Только когда он работал в реанимационной «скорой помощи», мы работали отдельно. Он должен был отработать там 80 дежурств, чтобы получить удостоверение парамедика. Он хотел добиться этого как можно скорее.
Э.Ш.: Зачем?
Р. : Это давало ему возможность заниматься более сложными случаями.
Э. Ш.: Иными словами, он стремился иметь больше полномочий, чтобы спасать людей?
Р. : Несомненно! С самого начала он знал, что хочет быть парамедиком, а может быть, и врачом.
Э. Ш.: В чем состоят обязанности парамедика?
Р. : Парамедик знает все, что знает врач. Просто врач учит это за 8 лет, а он за полгода. Он проходит очень интенсивный курс. Филипп мог нескольких врачей за пояс заткнуть. Он обладал огромными знаниями, приобретенными на курсах, из книг, которые он вечно читал, из интернета, в котором проводил все свободное время. Он просто не мог допустить, чтобы в какой-то ситуации не знать, как поступить. Кроме всего этого, Филипп умел внушать спокойствие. От него передавалось ощущение, что больной в надежных руках. Даже мне было приятно чувствовать себя такой маленькой по сравнению с ним – таким большим. Он был большим человеком с детской физиономией. Он все время смеялся. Никто никогда не видел, чтобы он злился. Даже когда был усталый, когда только просыпался и надо было за кем-то ехать, и я ему говорила: «Да ты еще спишь!», он мне отвечал: «С чего ты взяла? Я не сплю. Я ждал именно этого случая».
Э. Ш. : Что вы подразумеваете под словом «случай»?

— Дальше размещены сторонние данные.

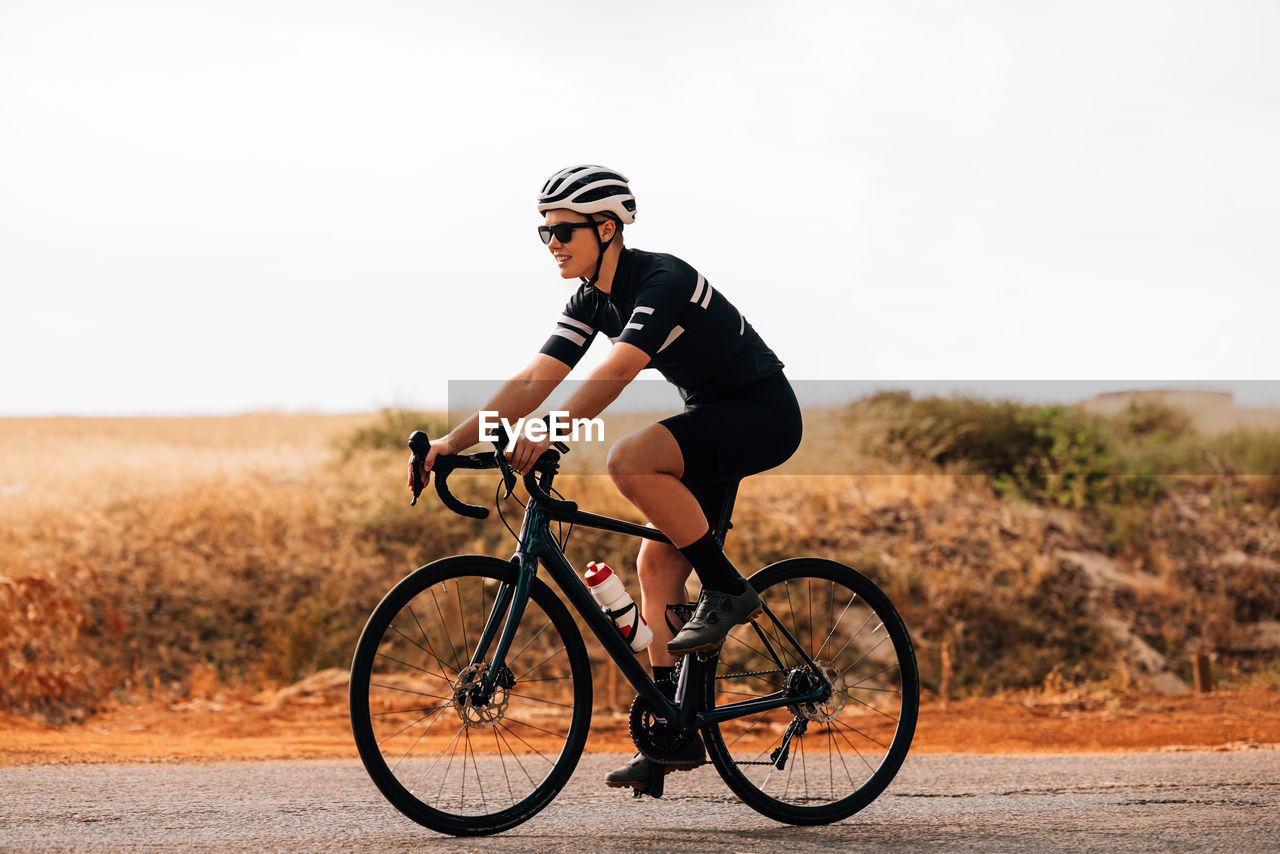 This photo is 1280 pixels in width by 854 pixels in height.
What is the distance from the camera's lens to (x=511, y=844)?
4.54 metres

Р.: Мы сидим на станции и ждем вызова, то ли к больному, то ли на аварию. Я обычно сидела у телефона. Он пока играл в нарды с ребятами, беседовал или просто отдыхал, так как очень часто это было не первое его дежурство. Иногда он приезжал прямо с дежурства в гражданской обороне.
Э. Ш. : Ваши дежурства всегда совпадали?
Р.: Бывало, я ему говорю, что работаю завтра утром. Так он начинал волноваться, мол «ой, как же мне школу пропустить?». Тогда я ему писала от имени мамы разрешение. Например, что он должен помогать мне дома и по этой причине не может придти в школу. Таким образом мы работали и в школьное время.

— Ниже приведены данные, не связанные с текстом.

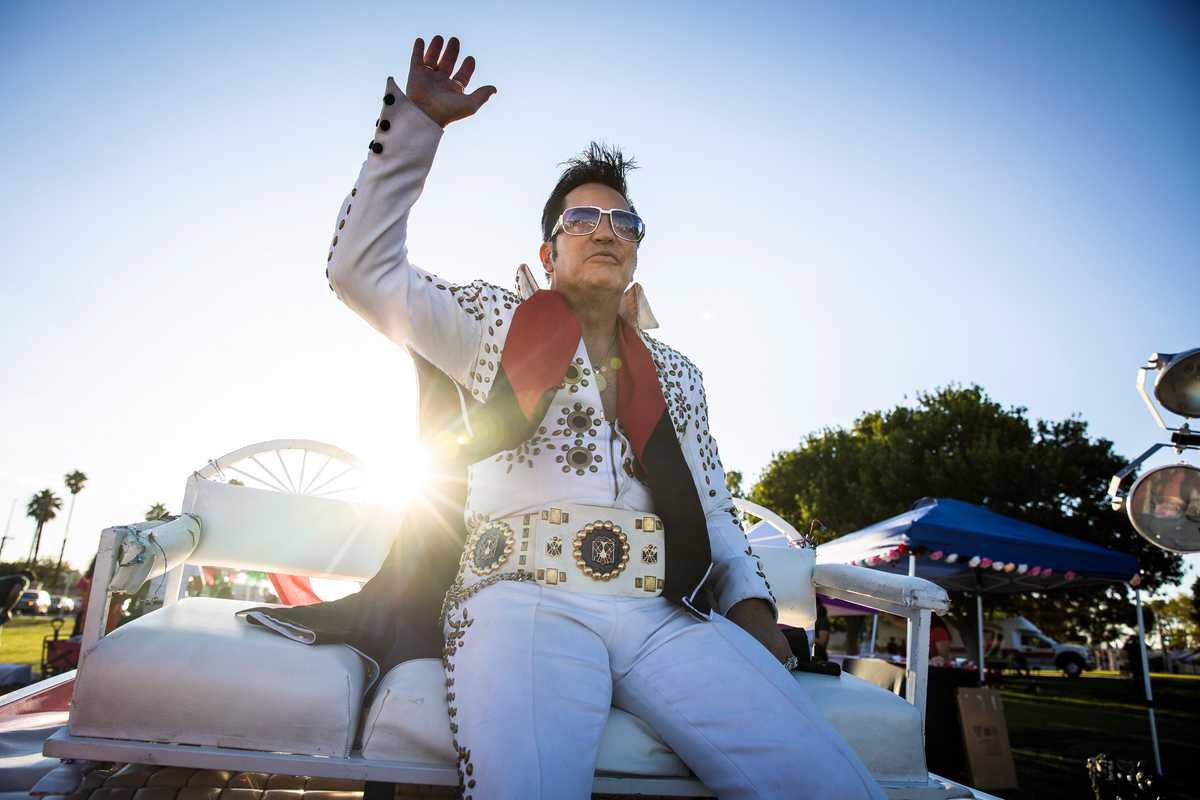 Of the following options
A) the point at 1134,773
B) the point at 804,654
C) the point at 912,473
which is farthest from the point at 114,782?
the point at 912,473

Э. Ш.: Насколько мне известно, добровольцы-школьники могут работать в МАДА только после часу дня?
Р.: Верно, но для Филиппа не было ни утра, ни дня, ни вечера. А когда ему исполнилось 18 лет, он смог работать и ночью. Бывало, он приходил утром и говорил: «Напиши письмо для школы. Сегодня все равно уроки неинтересные».
Э. Ш.: Мама Филиппа об этом знала?
Р.: Теперь она знает. До этого мы не были знакомы.
Э. Ш.: Опишите какой-нибудь случай.
Р.: Я расскажу про роды. Это было в пятницу вечером. Мы получили вызов из Рамат Шломо[1] к женщине, у которой начались роды. Филипп страшно обрадовался. Ему еще никогда не приходилось принимать роды. Я ему еще до этого обещала, что пусть он не волнуется, будут у него до армии роды. Мы отправились, и я никак не могла найти улицу. Я была за рулем, а Филипп управлял сиреной. Он вообще это очень любил. Мы его называли звукооператором. Он умел отпугнуть особыми сиренами машины, которые нам мешали. Одну из сирен, особо мощную, он прозвал «русской сиреной».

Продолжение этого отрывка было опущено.